Several studies have been performed using 3D scanning to predict prosthetic size from preoperative breast volumetric measurements in immediate one-stage reconstructions [32,37,38,39,40]. Nonetheless, various factors such as breast asymmetries, tumor staging, oncologic resection and patient preferences make this determination difficult [39,40].
Regarding two-stage reconstruction with tissue expanders, more promising results have been obtained through the use of 3D imaging. It has been observed that volumetric data from the contralateral side can serve as a reference for selecting expander size, final expansion volume and final implant size/shape [41,42,43]. It also helps to determine the type of symmetrization surgery needed on the contralateral breast, whether it is a mastopexy, augmentation or reduction mastoplasty [44].
Although improvements in breast symmetry were reported with the use of this technology, more multicenter randomized controlled trials are needed to validate these findings.

3.4. Planning Autologous Reconstruction

Among the alternatives for autologous breast reconstruction, the deep inferior epigastric artery perforator (DIEP) flap is still considered the gold standard [45,46]. In this procedure, abdominal tissues, which include subcutaneous fat and skin from the lower abdomen, are transferred as a vascularized free flap to reconstruct the breast. This not only provides a texture similar to that of the original breast tissue, but also prevents complications related to breast implants, lasts over time and integrates harmoniously with the patient’s body [47,48].
Flap survival is closely linked to the correct identification of the dominant perforator [49,50]. Usually, these vessels present a sinuous course as they run through the rectus abdominis muscle, which increases the risk of unwanted vascular injury during intramuscular dissection.
Though angiotomography with 3D reconstruction is the standard for visualizing perforators, its accuracy in locating them along their intramuscular subfascial course is limited [51,52,53]. By not considering variations in depth along their trajectory, it makes it difficult to transpose these location points to the abdominal wall during preoperative marking, making the procedure subject to possible inaccuracies [54].
Recently, technological advances have facilitated the 3D printing of real-size templates using angiotomographic data of the anatomy of the perforator vessels [54,55,56,57,58,59]. This contributes to preoperative surgical planning and, by being able to generate sterilizable models, serves as intraoperative guidance during dissection of the intramuscular course of the perforators. Despite the above benefits, the costs associated with the purchase of 3D printers and materials, although gradually decreasing, along with the time required to print 3D models, are some of the limitations that hinder their widespread adoption nowadays [60].
It is worth mentioning that preoperative 3D images have also been successfully used to estimate the necessary volume of flaps in autologous breast reconstructions, and 3D printed breast molds have even been produced to assist the surgeon in defining the shape and size of the breast (Figure 3 and Figure 4) [16,61]. However, it is relevant to note that the sample sizes in the studies conducted have been limited, highlighting the need for further research to strongly support their clinical applications.

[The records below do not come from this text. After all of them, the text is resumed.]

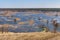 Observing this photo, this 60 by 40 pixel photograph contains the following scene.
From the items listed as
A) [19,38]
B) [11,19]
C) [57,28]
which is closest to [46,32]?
[57,28]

4. Intraoperative Applications

4.1. Implants Customization

The goal of breast reconstruction is to restore the shape, appearance, symmetry and size of the breasts after mastectomy or lumpectomy [62]. However, despite the wide variety of standardized breast implants available on the market, their optimal adaptation to each individual case is not guaranteed, which can lead to aesthetic problems such as asymmetry [63,64]. The manufacture of custom-made silicone breast implants using 3D printing could offer an innovative solution to this problem [20,63,65]. Even though to date we have not found studies evaluating their clinical application, the successful use of silicone elastomer implants in cases of pectus excavatum [66,67] and Poland’s syndrome [68] for chest wall reconstruction has been described.
Meanwhile, a study has been conducted in which porous, biodegradable polycaprolactone breast implants were fabricated using custom 3D printing, although further research is needed to support their clinical application [69].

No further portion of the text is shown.